Musikalitas A. Rafiq pun tak main-main. Lagu-lagu yang diciptakan dan dibawakannya saat itu terbilang baru untuk penikmat musik Indonesia yang lebih akrab dengan irama Melayu yang cenderung mendayu-dayu.

A. Rafiq mengakui bahwa lagu-lagu ciptaannya memang terinspirasi dari musik-musik India. Salah satunya adalah “Pandangan Pertama” yang meledak di pasaran pada 1978. Tembang tersebut meniru lagu India berjudul “Cheda Mere Dil Ne” yang dinyanyikan oleh Dev Anand pada 1962.

Meski begitu, Rafiq tetaplah pionir. Bahkan, Andrew N. Weintraub dalam buku Dangdut Stories: A Social and Musical History of Indonesia's Most Popular Music terbitan Oxford (2010), mendapuk Rafiq sebagai salah satu musisi yang menjadi tonggak penanda era baru musik dangdut di Indonesia.

Puluhan lagu telah diciptakan sekaligus dipopulerkan A. Rafiq.

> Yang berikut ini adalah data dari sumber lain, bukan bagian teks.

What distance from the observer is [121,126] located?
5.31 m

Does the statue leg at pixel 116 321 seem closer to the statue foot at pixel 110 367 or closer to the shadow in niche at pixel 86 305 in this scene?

Tak banyak pedangdut pria yang mampu mencapai apa yang telah ditorehkannya waktu itu, selain sang raja dangdut Rhoma Irama yang tak tergoyahkan di puncak dan teramat sulit untuk ditandingi.

Coba sebutkan pedangdut pria di akhir 1960-an atau awal 1970-an yang setidaknya berpotensi mengusik dominasi Rhoma Irama. Nyaris tidak ada selain A. Rafiq.

Memang sempat terselip nama Mansyur S yang pernah merilis album berjudul “Pesan Perpisahan” pada 1969. Tapi, album perdananya itu kurang terdengar. Pamor pedangdut asli Jakarta itu baru melambung pada akhir era 1980-an dan bertahan di sepanjang dekade 1990-an.

Kendati “bersaing”, namun relasi antara A. Rafiq dengan Rhoma Irama sangat erat karena mereka memang bersahabat, sebagaimana yang dikisahkan oleh Fairuz A. Rafiq. Putri ketiga A. Rafiq itu masih menjalin hubungan baik dengan Rhoma Irama hingga saat ini.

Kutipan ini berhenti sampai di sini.